Stephen Montoya (left) and Sal Reza at a press conference Tuesday announcing the lawsuit filed against Senate President Russell Pearce.
Pro-immigrant activist Sal Reza, leader of the Phoenix human-rights group Puente, announced Tuesday that he's suing state Senate President Russell Pearce in federal court for falsely arresting him on suspicion of trespassing and denying him access to the Senate building.
In addition to Pearce, the complaint names as defendants two Arizona Department of Public Safety officers involved in the incident, Officer J. Gentry Burton and Sergeant Jeff Trapp, who are assigned to the Capitol as a security detail.

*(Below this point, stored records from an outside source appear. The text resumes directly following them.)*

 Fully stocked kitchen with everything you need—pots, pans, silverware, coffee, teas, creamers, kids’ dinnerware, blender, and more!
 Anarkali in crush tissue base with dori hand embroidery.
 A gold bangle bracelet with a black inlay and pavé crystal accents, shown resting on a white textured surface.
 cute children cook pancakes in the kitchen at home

Reza claims that his civil rights were violated and that he was targeted because he is a Mexican-American and critical of Pearce's immigration stance. The lawsuit is seeking punitive damages, and is meant to send Pearce a message, Reza said.
"I don't want Pearce to keep doing this to other people," he told reporters. "Just because you don't agree with someone else's opinion and then get him arrested-- this is the type of stuff that happens in third-world countries."
In late February, Reza was collared at the Senate building on his way to meet state Senator Steve Gallardo. Officers at the building asked him to leave because he had been "banned" from the building by Pearce.
However, Reza questioned their authority and asked for proof that he was banned in writing. Instead, Reza says, he was shoved against the glass wall in the Senate lobby and arrested for "trespassing."
As previously reported by my colleague Stephen Lemons
, Anayanse Garza, an activist who happened to be with Reza that day, was also arrested. This, for alleged aggravated assault and resisting arrest as she was attempting to film Reza's mistreatment with a cell phone camera.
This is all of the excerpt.